Veera / Blog

How I scrape web pages

Often I need to pull some content out of web pages. Of course, I can always do a simple Ctrl C. But many times, I want the scrapped content to be in a different format than it's already in. So, I used to write Java code that downloads the content and do some XML parsing and then converts it into the format I want. But, this became a tedious process soon.

So, these days I figured out another easy way to do the web scraping. JQuery!

IMO, JQuery is the best tool to do the DOM parsing and content extraction. Of course, that's why the JQuery library is built for.

But the problem here is, not all websites include JQuery with them and even if they do, you can't just go and execute your JavaScript code in amother person's website.

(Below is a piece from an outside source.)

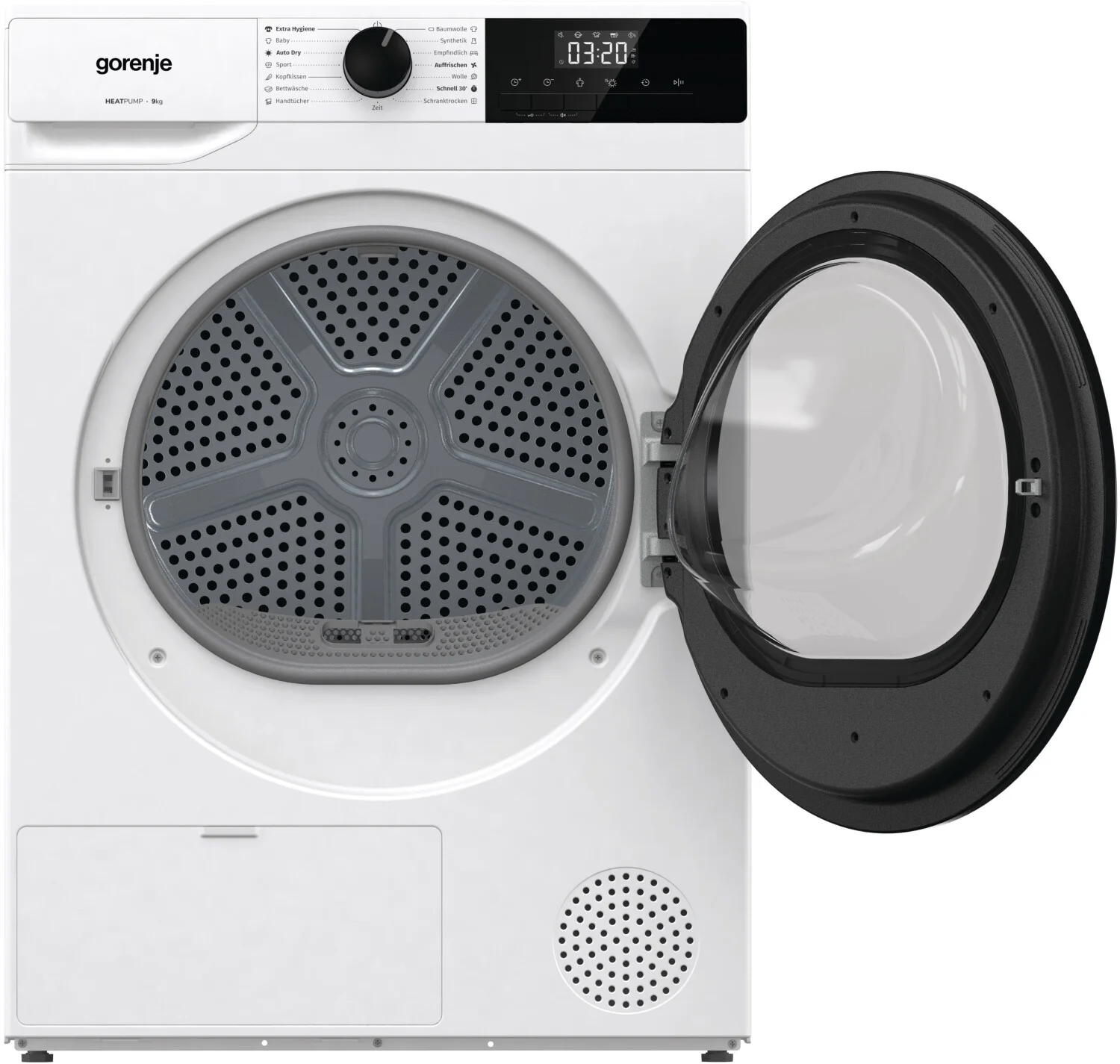 Сушильная машина Gorenje DHNE82/C белый, тепловой насос (60х85х55), 8 кг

Thanks to Scratchpad from Firefox which solves the above problem. Starting last August, Firefox comes with a built-in webdev tool - Scratchpad that enables you to execute your own JavaScript code in the context of any website.

So, this is what I do to scrape any public content from any web page:

  1. Open the page in Firefox.
  2. Press **Shift F4 **or go to Firefox menu->Web developer->Scratchpad to open the JavaScript editor.
  3. Include the below lines to add JQuery library to the current page (thanks to this page).
var GM_JQ = document.createElement('script');
    GM_JQ.src = 'http://ajax.googleapis.com/ajax/libs/jquery/1.3.2/jquery.min.js';
    GM_JQ.type = 'text/javascript';
    document.getElementsByTagName('head')[0].appendChild(GM_JQ);
  1. After that I can use any valid JQuery statement to navigate through the page content and parse it.
var pages = [];
    $("#Text1 table a").each(function(){
            pages.push($(this).attr('href'));
    });